Uncut Gems uses — and subverts — it’s résuméd stars’ appeal, but the movie is built on a handful of first-time actors: Kevin Garnett and Julia Fox, among them. Over the course of a couple days in 2012, Sandler’s Howard runs around 47th Street making money and losing it. There’s something a little romantic about the way the character — and, by extension, the Safdies themselves — navigates this small universe of diamonds and the people who sell them: Deals are made in tiny, weary offices, soundtracked by the buzz of security doors letting buyers in and out, the clack of precious jewels being placed on glass, the cacophony of fussing over a deal. Movie stars seem regular, boring even, next to these people who have been in this world before the cameras showed up, and are still there today. In honor of Uncut Gems’ Netflix debut — a moment months in the making — Vulture spoke to the best of the movie’s civilians, about how they ended up in an indie film about the chaos and magic of their hometown.
Early in the movie, Celtics power forward Kevin Garnett and his posse visit Howard’s showroom and are immediately entranced by an uncut gem he’s just received from Ethiopia. Garnett becomes fixated on possessing the stone, and so Howard agrees to let the basketball superstar take it for good luck during his next game — in exchange for some collateral. Seconds overlap between Garnett handing his Celtics NBA championship ring to Howard and the jeweler running the ring down the street to pawn for a six-way parlay on Garnett’s game. There, he meets Marshall Greenberg, and his brother Ronald, pawnbrokers who reluctantly accept the ring.

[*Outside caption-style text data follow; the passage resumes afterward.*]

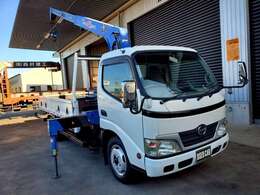 当社は県外のお客様にも安心してお買い求め頂けるよう、エンジン・内装・外装・特殊車輌の機械的な部分まで整備・点検をさせて頂いております。自信を持って販売できるお車だけを展示しております。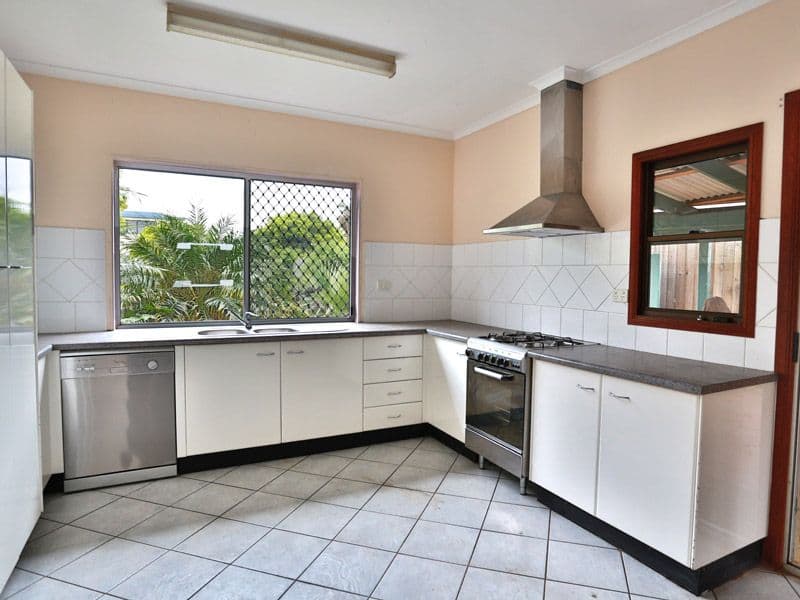 982 Nudgee Road, BANYO QLD 4014, Banyo - Thumbnail 3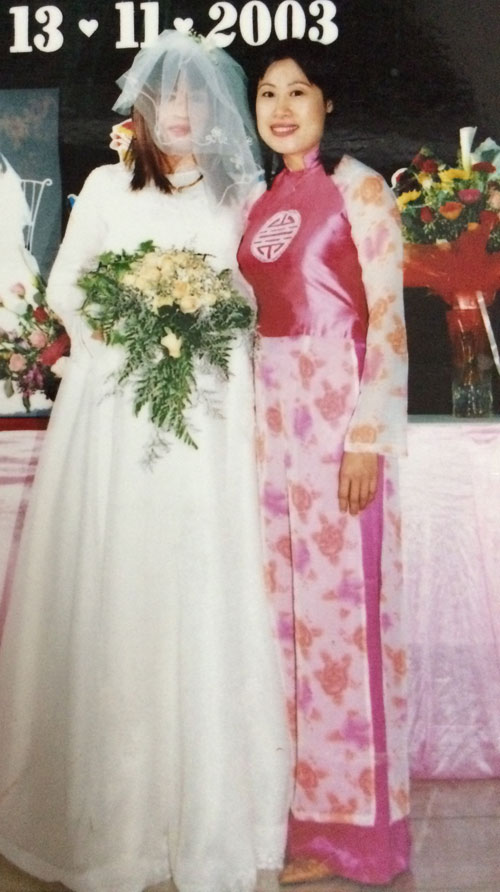 Cuộc sống sung túc của diễn viên bị chồng tạt axit Cuộc sống sung túc của diễn viên bị chồng tạt axit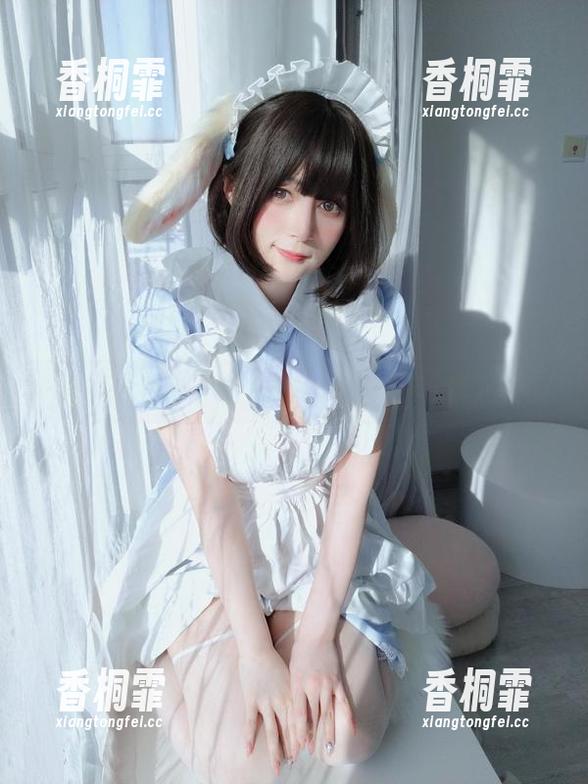 泳池之旁的白银81：图库营造的水下异乡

In real life, the Greenbergs have worked on the street for 40 years; Sandler and the Uncut Gems directors spotted the Greenbergs while scouting the district and asked them to be in the film. “[Josh and Benny Safdie] basically asked if I wanted to be in the movie, and I’d never been in a movie,” Marshall says. “My brother was very excited about it. I didn’t know if I wanted to do it or not and what was involved, and so I got to know them and what the part would be and what the movie was about, which I looked into.” (His brother’s version of the story: “All of the sudden Josh and Benny came in with Adam and they see my brother, and within one second they say to Marshall, ‘You have to be in the movie.’ The idea of using the twins, and they’re two brothers who have the same kind of symbiotic relationship, we just hit it off instantly. I felt like they were like my spouse from another generation.”)
Marshall’s mind changed once he became more familiar with the script, and his role. The pawnbrokers pop up twice, both times skeptical of Howard’s self-created chaos. When Howard is his lowest, and most in need of quick cash, Marshall is the only person in the movie to ask him if he’s okay. “We’re both Jewish, me and Ronnie, and there was a very strong Jewish diamond identity [in the movie], which I liked. I think sometimes Jewish diamond dealers get a negative connotation that they’re not so straight and they’re kind of nebbishy. We knew that it was going to create a strong image in general for the industry.”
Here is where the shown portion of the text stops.